Raffaele Duby ajoute qu’il est parfois « plus difficile d’obtenir certaines couleurs avec certains produits écoconçus, mais les équipes de création parviennent à transformer des contraintes en atouts en trouvant de nouvelles solutions, parfois plus intéressantes ».
Sur la question du prix, tous deux sont d’accord pour affirmer qu’un produit plus durable n’est pas forcément plus cher. « Nous avons absorbé tous les surcoûts de l’écoresponsabilité, les produits écoconçus sont même en moyenne 2% moins cher que la gamme classique », certifie le responsable développement durable de l’offre Decathlon. Pour la chaîne, le prochain défi est d’amener le client vers la réparation et la seconde main. La capacité de réparer le produit va en effet prochainement s’additionner à l’affichage environnemental. Le graal – utopique? – du secteur serait donc à terme de ne proposer que des produits estampillés d’un A. Hélas, pour Séverine Mareels, à la différence du nutriscore dans l’alimentaire où l’affichage a un enjeu direct sur le bien-être et la santé du client, l’affichage dans l’habillement analyse « seulement » l’impact environnemental: « Nous aurons plus de mal à changer le comportement des clients. L’affichage doit surtout aider les entreprises à changer, sans culpabiliser le consommateur. C’est à nous de tous tendre vers le A pour que le marché se transforme réellement. »

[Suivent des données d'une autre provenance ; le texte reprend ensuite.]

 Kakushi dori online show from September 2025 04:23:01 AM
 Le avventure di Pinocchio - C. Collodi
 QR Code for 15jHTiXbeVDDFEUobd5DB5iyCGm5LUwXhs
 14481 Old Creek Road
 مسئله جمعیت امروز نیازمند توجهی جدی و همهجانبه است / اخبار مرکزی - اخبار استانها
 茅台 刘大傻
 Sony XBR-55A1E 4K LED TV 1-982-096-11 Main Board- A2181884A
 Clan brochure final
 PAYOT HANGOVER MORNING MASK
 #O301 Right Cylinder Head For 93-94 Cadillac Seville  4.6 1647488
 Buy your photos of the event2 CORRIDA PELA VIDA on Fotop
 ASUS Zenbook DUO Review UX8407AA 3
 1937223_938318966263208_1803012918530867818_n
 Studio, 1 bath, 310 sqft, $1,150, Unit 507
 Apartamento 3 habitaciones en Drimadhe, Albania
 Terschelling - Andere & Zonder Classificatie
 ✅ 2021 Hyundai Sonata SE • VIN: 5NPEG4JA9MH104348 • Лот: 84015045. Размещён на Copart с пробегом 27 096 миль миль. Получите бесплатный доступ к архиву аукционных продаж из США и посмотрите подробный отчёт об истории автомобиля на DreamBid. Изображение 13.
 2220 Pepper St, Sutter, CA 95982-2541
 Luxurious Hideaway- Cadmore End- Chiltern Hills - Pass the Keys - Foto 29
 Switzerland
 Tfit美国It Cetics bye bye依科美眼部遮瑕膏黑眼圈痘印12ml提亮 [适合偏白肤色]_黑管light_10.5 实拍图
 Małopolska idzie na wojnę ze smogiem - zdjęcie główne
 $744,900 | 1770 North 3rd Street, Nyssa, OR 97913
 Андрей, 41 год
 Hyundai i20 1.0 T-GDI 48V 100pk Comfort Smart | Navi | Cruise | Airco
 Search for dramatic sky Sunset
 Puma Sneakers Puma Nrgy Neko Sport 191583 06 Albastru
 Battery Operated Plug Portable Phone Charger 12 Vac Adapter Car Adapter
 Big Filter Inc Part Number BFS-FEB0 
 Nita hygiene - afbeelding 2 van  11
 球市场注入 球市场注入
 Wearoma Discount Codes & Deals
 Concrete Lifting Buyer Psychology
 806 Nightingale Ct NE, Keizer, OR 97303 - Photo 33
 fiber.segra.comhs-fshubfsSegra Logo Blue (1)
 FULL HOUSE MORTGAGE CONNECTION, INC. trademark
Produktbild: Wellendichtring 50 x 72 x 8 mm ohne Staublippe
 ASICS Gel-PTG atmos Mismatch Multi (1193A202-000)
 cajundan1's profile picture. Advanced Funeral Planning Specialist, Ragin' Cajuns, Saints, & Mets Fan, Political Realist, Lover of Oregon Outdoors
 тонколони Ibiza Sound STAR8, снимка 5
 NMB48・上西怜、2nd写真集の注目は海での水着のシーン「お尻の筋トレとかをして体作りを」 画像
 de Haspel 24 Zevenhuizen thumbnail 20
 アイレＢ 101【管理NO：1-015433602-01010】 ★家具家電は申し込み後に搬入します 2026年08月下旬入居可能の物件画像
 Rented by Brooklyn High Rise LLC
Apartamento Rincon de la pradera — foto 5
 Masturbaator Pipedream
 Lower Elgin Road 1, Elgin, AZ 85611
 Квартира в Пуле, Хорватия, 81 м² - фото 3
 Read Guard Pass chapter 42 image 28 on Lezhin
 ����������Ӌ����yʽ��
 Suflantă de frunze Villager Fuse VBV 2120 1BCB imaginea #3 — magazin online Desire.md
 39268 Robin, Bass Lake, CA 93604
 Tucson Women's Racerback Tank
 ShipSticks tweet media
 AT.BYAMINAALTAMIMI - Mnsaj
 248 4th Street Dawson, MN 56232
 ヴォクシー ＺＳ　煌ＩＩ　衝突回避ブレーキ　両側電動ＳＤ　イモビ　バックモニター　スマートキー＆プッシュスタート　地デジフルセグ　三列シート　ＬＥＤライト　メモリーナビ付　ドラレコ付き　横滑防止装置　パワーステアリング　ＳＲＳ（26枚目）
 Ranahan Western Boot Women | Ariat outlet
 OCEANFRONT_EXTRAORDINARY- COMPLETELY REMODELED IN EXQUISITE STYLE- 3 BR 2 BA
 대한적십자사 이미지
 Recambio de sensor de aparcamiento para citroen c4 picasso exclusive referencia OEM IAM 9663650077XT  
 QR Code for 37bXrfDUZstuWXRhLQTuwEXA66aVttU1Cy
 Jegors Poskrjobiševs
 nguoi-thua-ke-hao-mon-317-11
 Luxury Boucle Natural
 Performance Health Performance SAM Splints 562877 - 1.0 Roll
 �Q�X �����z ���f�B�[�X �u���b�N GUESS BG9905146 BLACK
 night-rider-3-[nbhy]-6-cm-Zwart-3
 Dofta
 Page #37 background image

Une étiquette obligatoire dans le futur?
A son terme l’an prochain, la phase d’expérimentation en cours fera l’objet d’un bilan transmis au Parlement. Ensuite, un décret définissant la méthodologie et les modalités d’affichage sera publié. Pour Erwan Autret, « l’objectif est encore loin d’être atteint. Le challenge est de mobiliser les entreprises à grande échelle: j’appelle les marques de toutes tailles à rejoindre l’expérimentation en cours. Pour que ce dispositif ne soit pas juste une usine à gaz. L’enjeu final, c’est tout de même de faire baisser l’impact environnemental de la filière textile. » A l’heure actuelle, il s’agit d’un affichage uniquement utilisé sur la base du volontariat, mais qui pourrait devenir réglementaire dans cinq ou dix ans sur le plan européen. Un travail similaire est en effet en cours à l’échelle du continent, dans le cadre de projet PEF Apparel (product environmental footprint) mené par la Commission européenne. L’Ademe, qui organise des groupes de travail sur le sujet, est en mesure de subventionner les entreprises qui portent un projet d’écoconception et d’utilisation de l’affichage environnemental, conclut Erwan Autret, incitant les entreprises à se saisir aussi des aides à l’écoconception annoncées par le gouvernement.